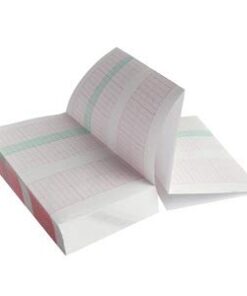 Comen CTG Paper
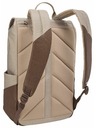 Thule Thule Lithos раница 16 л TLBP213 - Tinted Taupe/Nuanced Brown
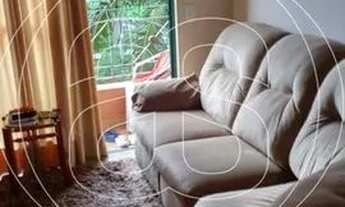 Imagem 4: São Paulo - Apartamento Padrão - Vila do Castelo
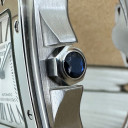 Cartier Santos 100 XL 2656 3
◇ ◇ ◇ ◇ ◇
> YOUR OBJECTIVE
Once the pictures are dropped, please print every remaining line of the material verbatim.

> SOLUTION TO THIS EXERCISE
 Comen CTG Paper
 Thule Thule Lithos раница 16 л TLBP213 - Tinted Taupe/Nuanced Brown
 Imagem 4: São Paulo - Apartamento Padrão - Vila do Castelo
 Cartier Santos 100 XL 2656 3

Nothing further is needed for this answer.